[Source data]
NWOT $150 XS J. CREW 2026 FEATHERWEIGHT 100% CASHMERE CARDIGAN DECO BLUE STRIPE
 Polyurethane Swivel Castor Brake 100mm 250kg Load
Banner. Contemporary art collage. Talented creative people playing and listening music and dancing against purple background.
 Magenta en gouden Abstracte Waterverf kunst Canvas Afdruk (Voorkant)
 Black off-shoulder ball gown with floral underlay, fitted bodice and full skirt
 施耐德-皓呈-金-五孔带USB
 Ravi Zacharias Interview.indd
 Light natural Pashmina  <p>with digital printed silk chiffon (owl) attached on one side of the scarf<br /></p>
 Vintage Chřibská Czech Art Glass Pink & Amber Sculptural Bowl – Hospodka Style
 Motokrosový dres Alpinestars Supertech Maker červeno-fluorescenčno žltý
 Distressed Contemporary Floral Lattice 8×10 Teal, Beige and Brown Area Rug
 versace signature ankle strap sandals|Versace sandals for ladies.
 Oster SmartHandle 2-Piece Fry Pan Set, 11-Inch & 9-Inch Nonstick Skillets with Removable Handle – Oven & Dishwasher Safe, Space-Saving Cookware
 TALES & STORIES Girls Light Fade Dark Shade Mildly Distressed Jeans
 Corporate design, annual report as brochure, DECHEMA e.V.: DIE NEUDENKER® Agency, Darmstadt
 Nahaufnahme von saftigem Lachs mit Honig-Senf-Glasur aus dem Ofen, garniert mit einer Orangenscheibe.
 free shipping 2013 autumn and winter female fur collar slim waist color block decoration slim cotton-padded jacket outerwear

### Work to complete
Reproduce, exactly as they stand in the data above, the lines from the one that holds "Magenta en gouden" to the one that holds "Motokrosový dres Alpinestars", inclusive.

### Solution
 Magenta en gouden Abstracte Waterverf kunst Canvas Afdruk (Voorkant)
 Black off-shoulder ball gown with floral underlay, fitted bodice and full skirt
 施耐德-皓呈-金-五孔带USB
 Ravi Zacharias Interview.indd
 Light natural Pashmina  <p>with digital printed silk chiffon (owl) attached on one side of the scarf<br /></p>
 Vintage Chřibská Czech Art Glass Pink & Amber Sculptural Bowl – Hospodka Style
 Motokrosový dres Alpinestars Supertech Maker červeno-fluorescenčno žltý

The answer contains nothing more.